Join (SQL)
A join combines records from two or more tables in a relational database. In the Structured Query Language (SQL), there are two types of joins: "inner" and "outer". Outer joins are subdivided further into left outer joins, right outer joins, and full outer joins.
A join is essentially a cartesian product followed by a predicate. For example, given employee and department tables as follows:
|
| ||||||||||||||||||||||||||||
The cartesian product of these two tables is computed using the following SELECT statement:
SELECT * FROM employee, department;
An example of a join between these two tables is:
SELECT LastName, DepartmentID, DepartmentName FROM employee, department WHERE employee.DepartmentID = department.DepartmentID;
Another way to write this query is to use an explicit JOIN clause, as follows:
SELECT LastName, DepartmentID, DepartmentName FROM employee JOIN department ON employee.DepartmentID = department.DepartmentID
Table of contents |
Inner and outer join
Inner join
An inner join essentially takes all the records from table A (in this case, employee) and for each of them joins them with each record from table B (department).

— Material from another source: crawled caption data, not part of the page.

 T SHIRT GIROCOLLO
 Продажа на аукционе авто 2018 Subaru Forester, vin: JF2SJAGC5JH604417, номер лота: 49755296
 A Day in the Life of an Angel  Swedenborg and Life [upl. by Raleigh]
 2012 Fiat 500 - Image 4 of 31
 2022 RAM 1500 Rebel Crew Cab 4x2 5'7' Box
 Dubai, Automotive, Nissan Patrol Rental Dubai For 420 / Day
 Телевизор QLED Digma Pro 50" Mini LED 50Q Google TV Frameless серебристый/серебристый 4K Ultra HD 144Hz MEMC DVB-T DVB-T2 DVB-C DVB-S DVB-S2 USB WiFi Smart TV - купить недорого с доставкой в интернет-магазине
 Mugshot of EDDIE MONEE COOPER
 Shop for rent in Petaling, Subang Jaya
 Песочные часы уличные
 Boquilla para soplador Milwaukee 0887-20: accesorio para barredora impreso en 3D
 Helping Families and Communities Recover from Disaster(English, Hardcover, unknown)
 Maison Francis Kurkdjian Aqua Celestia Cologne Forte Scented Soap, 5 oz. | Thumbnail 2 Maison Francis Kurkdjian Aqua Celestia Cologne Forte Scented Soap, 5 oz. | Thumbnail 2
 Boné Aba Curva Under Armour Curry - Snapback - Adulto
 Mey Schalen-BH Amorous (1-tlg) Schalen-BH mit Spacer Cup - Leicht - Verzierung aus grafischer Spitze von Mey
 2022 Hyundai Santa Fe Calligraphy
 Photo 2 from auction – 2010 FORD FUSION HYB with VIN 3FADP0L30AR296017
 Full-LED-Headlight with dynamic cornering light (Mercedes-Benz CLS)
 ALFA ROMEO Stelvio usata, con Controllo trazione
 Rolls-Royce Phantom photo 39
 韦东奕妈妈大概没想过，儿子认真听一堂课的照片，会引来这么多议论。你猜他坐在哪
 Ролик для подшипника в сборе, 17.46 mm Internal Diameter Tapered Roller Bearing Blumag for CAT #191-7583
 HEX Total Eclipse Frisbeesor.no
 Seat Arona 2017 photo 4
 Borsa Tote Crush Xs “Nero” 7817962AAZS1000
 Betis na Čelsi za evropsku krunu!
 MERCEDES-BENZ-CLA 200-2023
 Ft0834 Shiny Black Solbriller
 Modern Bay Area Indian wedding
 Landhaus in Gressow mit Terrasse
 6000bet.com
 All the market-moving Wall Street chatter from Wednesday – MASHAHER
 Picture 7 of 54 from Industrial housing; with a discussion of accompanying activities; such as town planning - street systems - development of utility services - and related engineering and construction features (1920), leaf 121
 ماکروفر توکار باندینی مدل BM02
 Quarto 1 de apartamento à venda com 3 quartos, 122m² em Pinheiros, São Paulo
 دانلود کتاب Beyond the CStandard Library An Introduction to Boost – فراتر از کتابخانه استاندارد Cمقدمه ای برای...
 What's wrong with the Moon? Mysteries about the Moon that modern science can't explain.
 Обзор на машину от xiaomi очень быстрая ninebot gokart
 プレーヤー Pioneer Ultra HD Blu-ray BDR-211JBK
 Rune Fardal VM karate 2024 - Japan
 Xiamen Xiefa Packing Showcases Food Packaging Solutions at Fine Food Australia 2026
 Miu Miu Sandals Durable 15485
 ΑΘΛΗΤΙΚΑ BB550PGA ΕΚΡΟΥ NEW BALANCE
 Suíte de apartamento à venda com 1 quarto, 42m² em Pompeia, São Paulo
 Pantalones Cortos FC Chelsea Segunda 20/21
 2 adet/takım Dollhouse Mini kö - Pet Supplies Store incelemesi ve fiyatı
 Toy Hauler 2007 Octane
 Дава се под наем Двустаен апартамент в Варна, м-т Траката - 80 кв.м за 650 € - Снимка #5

This means that the length of the result would be, in theory, the product of the number of records in each table—in this case, 6 * 4.
With indexing and an ON clause, this number can be reduced significantly without the need to scan all of those records.
In this case, an inner join (such as the query above) on both tables' DepartmentID columns will return:
| LastName | DepartmentID | DepartmentName |
|---|---|---|
| Smith | 34 | Clerical |
| Jones | 33 | Engineering |
| Robinson | 34 | Clerical |
| Steinberg | 33 | Engineering |
| Rafferty | 31 | Sales |
Left outer join
A left outer join is very different from a inner join. Instead of limiting results to those in both tables, it limits results to those in the "left" table (A). This means that if the ON clause matches 0 records, a row in the result will still be returned—but with NULL values for each column.
For example, this allows us to find the employee's departments, but still show the employee even when their department has not been set yet. The above example would have ignored employees in non-existent departments.
The result might look like this:
| LastName | DepartmentID | DepartmentName |
|---|---|---|
| Smith | 34 | Clerical |
| Jones | 33 | Engineering |
| Robinson | 34 | Clerical |
| Jasper | 36 | NULL |
| Steinberg | 33 | Engineering |
| Rafferty | 31 | Sales |
Right outer join
A right outer join is much like a left outer join, except that the tables are reversed. Every record from the right side, B or department, will be returned, and NULL values will be returned for those that have no matching left record. The results of a right outer join on these tables would look like:
| LastName | DepartmentID | DepartmentName |
|---|---|---|
| Smith | 34 | Clerical |
| Jones | 33 | Engineering |
| Robinson | 34 | Clerical |
| Steinberg | 33 | Engineering |
| Rafferty | 31 | Sales |
| NULL | 35 | Marketing |
Full outer join
Full outer joins are the combination of left and right outer joins. These joins will show records from both tables, and fill in NULLs for missing matches on either side.
Some database systems do not offer this functionality, but it can be emulated through the use of left outer joins and unions.
| LastName | DepartmentID | DepartmentName |
|---|---|---|
| Smith | 34 | Clerical |
| Jones | 33 | Engineering |
| Robinson | 34 | Clerical |
| Jasper | 36 | NULL |
| Steinberg | 33 | Engineering |
| Rafferty | 31 | Sales |
| NULL | 35 | Marketing |
Implementation
The efficient implementation of joins has been the goal of much work in database systems, because joins are both extremely common but rather difficult to execute efficiently. The difficulty results from the fact that joins are both commutative and associative. In practice, this means that the user merely supplies the list of relations to be joined and the join conditions to be used, and the database system has the task of determining the most efficient way to perform the operation. Determining how to execute a query containing joins is done by the query optimizer. It has two basic freedoms:
- join order: because joins are commutative, the order in which relations are joined does not change the final result set of the query. However, join order does have an enormous impact on the cost of the join operation, so choosing the right join order is very important.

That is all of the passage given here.